Student consolidation loans can help with many bills and reduce payments into one low monthly payment. Before deciding which step to take it is important to learn what the company is offering and what bills can be included in the consolidation loan. The interest rate on Student consolidated loan is calculated by taking the average of the loans which are being consolidated.

Consolidation simplifies the repayment process but does involve a slight increase in the interest rate. Students who are having trouble making their payments should consider some of the alternate repayment terms provided for federal loans.

All unsecured debt such as collection agency debts, personal loans, medical bills, credit card debt, and student loans can be included in a consolidation loan. A consolidation loan gives you one monthly payment instead of several.

College graduates could be looking at a significant increase in the interest rates they pay on federal student loans if they don't consolidate their student loans. The US government sets the rates for all federal student loans based on the 91-day Treasury Bill (T-bill) rate at the end of May of each calendar year. The rates are then fixed for the year, becoming effective July 1, and affect all non-consolidated student loans.

Graduates and students graduating should consolidate as soon as they are out of school. Locking in current rates can save thousands of dollars.

A student consolidation loan combines several federal student or parent loans into a single larger loan.
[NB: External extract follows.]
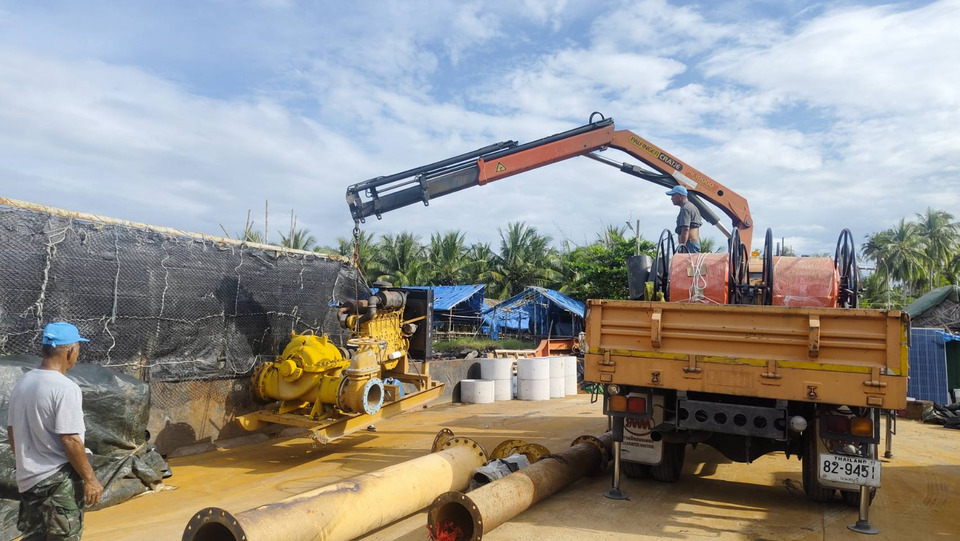 ชลประทานสตูลส่งเครื่องสูบน้ำ 12 นิ้ว ช่วยชาวเลเกาะหลีเป๊ะ บรรเทาน้ำท่วมฉับพลัน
Most federal loans can be consolidated: Stafford, PLUS (Parent Loans to Undergraduate Students), Supplemental, Direct, Perkins and others.


Downsides to consolidation
The most obvious downside is that even though your payments are smaller, you are extending them over a longer time. That means you'll pay out more total interest. Also, as with any kind of consolidation loan, the borrower may be tempted to spend more or even borrow more because of the smaller loan payments. Then you're just piling up more debt than if you hadn't consolidated.